# Exercise
Without including any pictures, write out the listing below exactly.

# Collected material
======

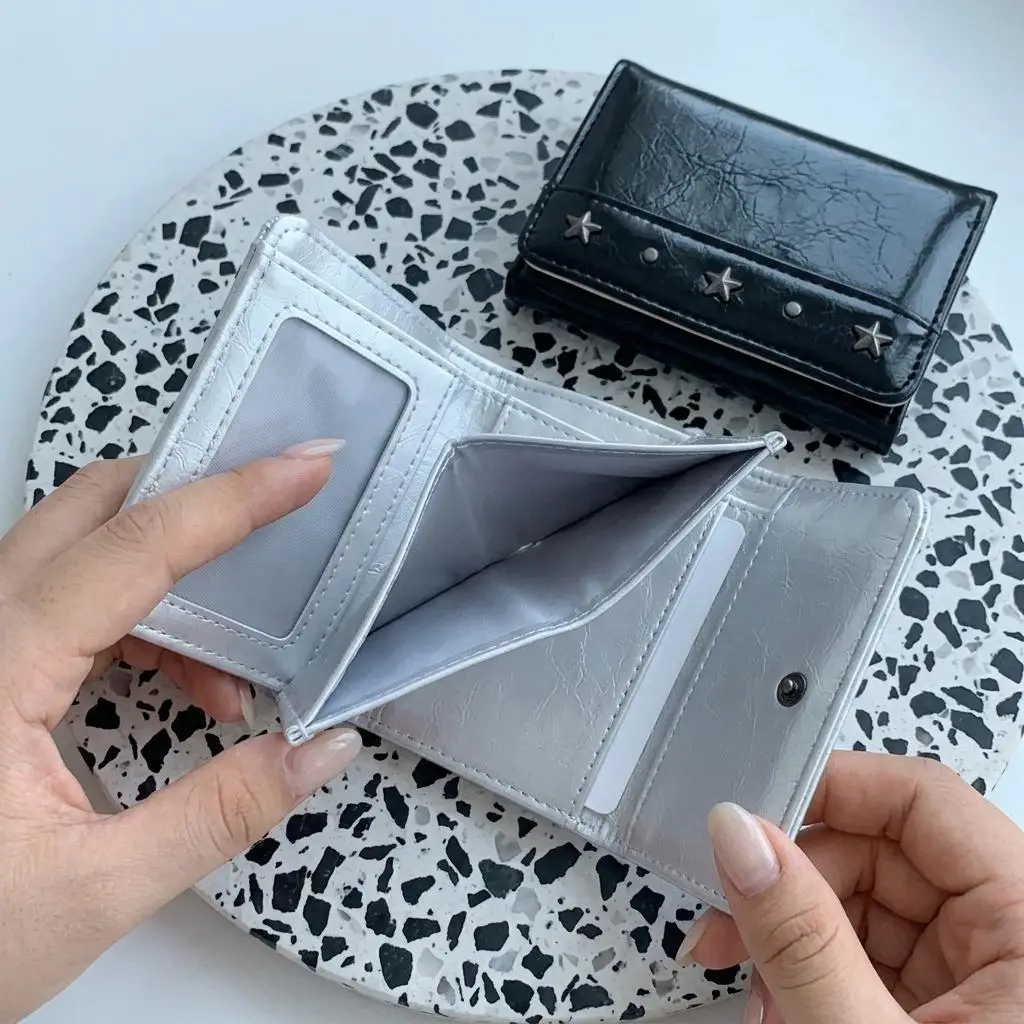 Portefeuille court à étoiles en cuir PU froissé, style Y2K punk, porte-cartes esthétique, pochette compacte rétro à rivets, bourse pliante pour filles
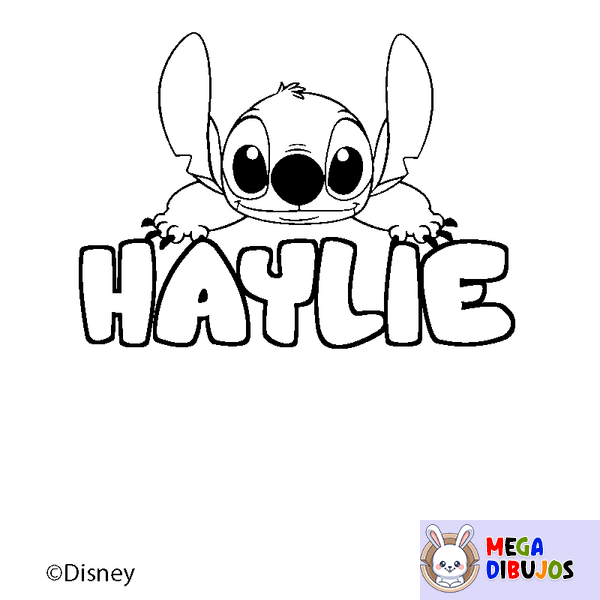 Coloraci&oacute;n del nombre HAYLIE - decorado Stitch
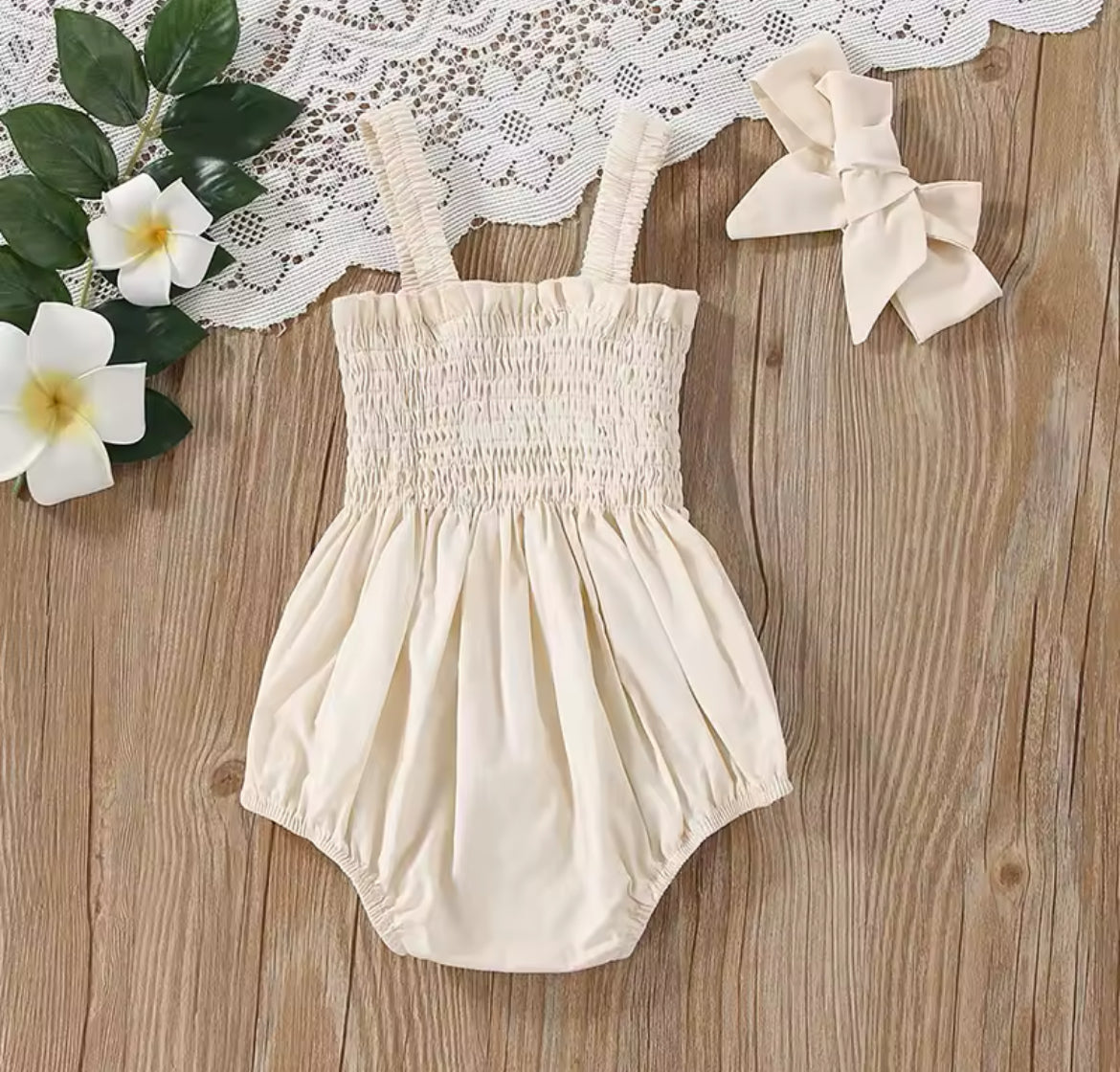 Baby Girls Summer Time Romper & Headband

======

# Problem solution
 Portefeuille court à étoiles en cuir PU froissé, style Y2K punk, porte-cartes esthétique, pochette compacte rétro à rivets, bourse pliante pour filles
 Coloraci&oacute;n del nombre HAYLIE - decorado Stitch
 Baby Girls Summer Time Romper & Headband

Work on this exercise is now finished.